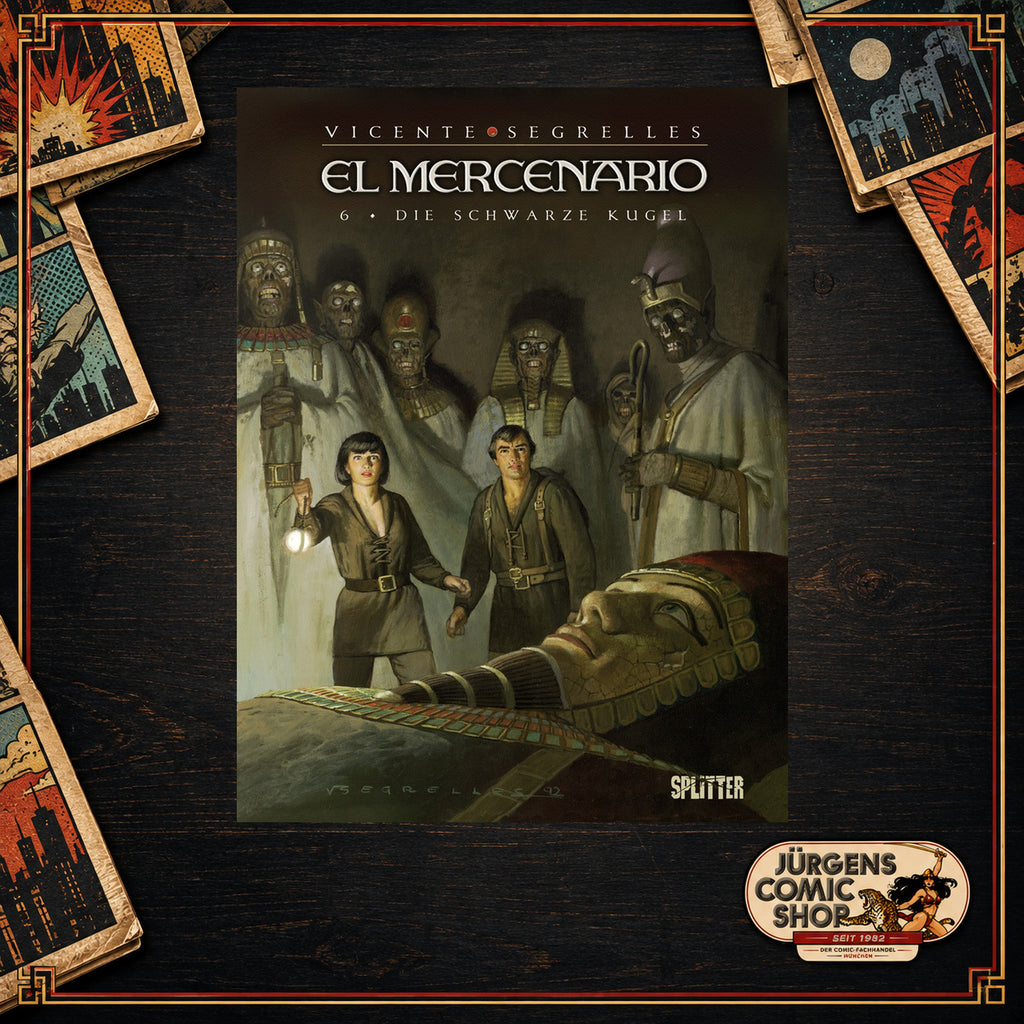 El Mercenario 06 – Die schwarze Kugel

--

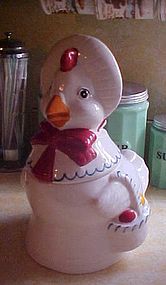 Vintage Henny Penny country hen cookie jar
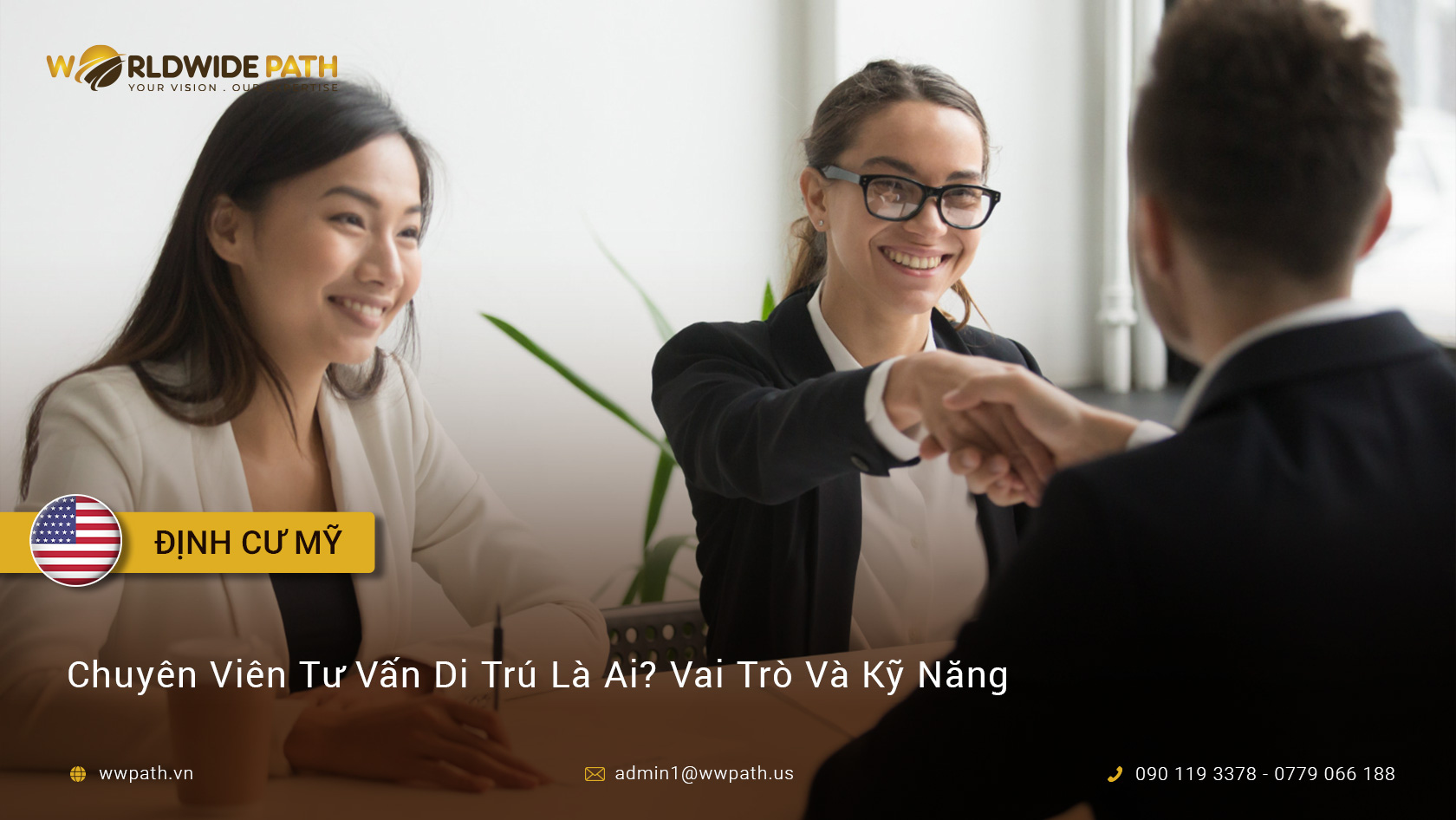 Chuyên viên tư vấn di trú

* * *

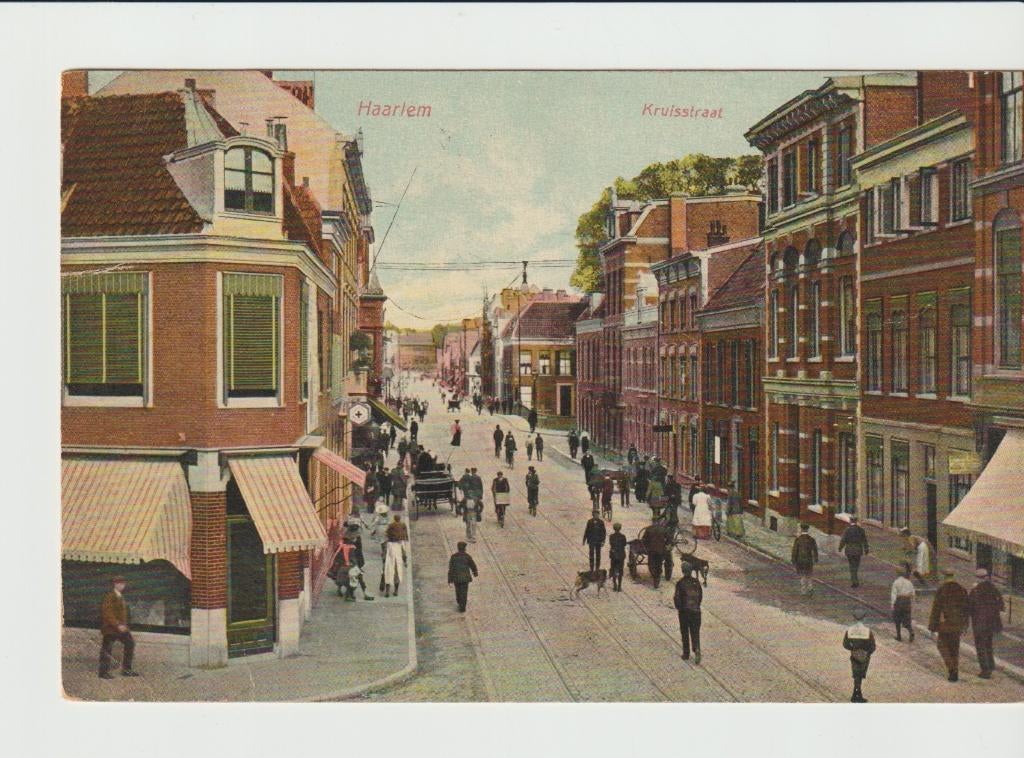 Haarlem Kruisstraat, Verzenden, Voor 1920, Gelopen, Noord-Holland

**What you will do**
Give back exactly the lines of the listing above from the one that contains "Vintage Henny Penny country hen cookie jar" up to and including the one that contains "Chuyên viên tư vấn di trú", but not the pictures, and no other lines.

**Solution for this problem**
 Vintage Henny Penny country hen cookie jar
 Chuyên viên tư vấn di trú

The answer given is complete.